Amazon DocumentDB (with MongoDB compatibility) is a fully managed native JSON document database that makes it easy and cost effective to operate critical document workloads at virtually any scale without managing infrastructure. It’s a best practice to create indexes to improve query performance especially when database size is very large. Without indexes, queries have to run a lot longer to filter out documents that does not meet the criteria. Another best practice for databases to have indexes created on fields that are highly cardinal or have high number of unique values. This post walks through how you can proactively detect and fix low cardinality indexes across all you DocumentDB databases and collections.

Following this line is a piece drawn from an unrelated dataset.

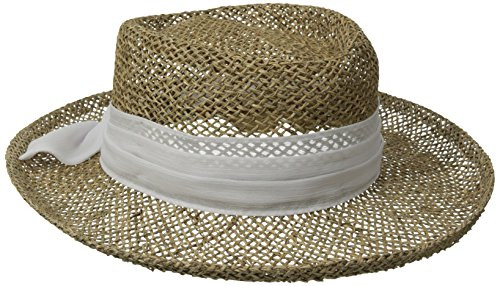 San Diego Hat Company Womens Seagrass Gambler with Poly Chiffon Band White One Size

Amazon DocumentDB uses a B-tree data structure for its indexes. A B-tree index uses a hierarchical structure that stores data in its nodes in a sorted order. Keeping the data sorted this way allows for reading, inserting, and deleting data in a memory-efficient way. As new data is written, in addition to modifying the documents in the collection, the indexes are updated, which can impact write latencies and increase IOPS. By choosing fields that have high cardinality (fields with high number of unique values), such as an identity field, you increase the index selectivity. Conversely, choosing a low cardinality field such as Boolean, where there are only two unique values, can retrieve more information than is needed, which increases memory usage and the risk of going into the distributed storage volume. The goal with index selectivity is to allow the query to filter as much data as possible up front, thereby letting the query processor do less work.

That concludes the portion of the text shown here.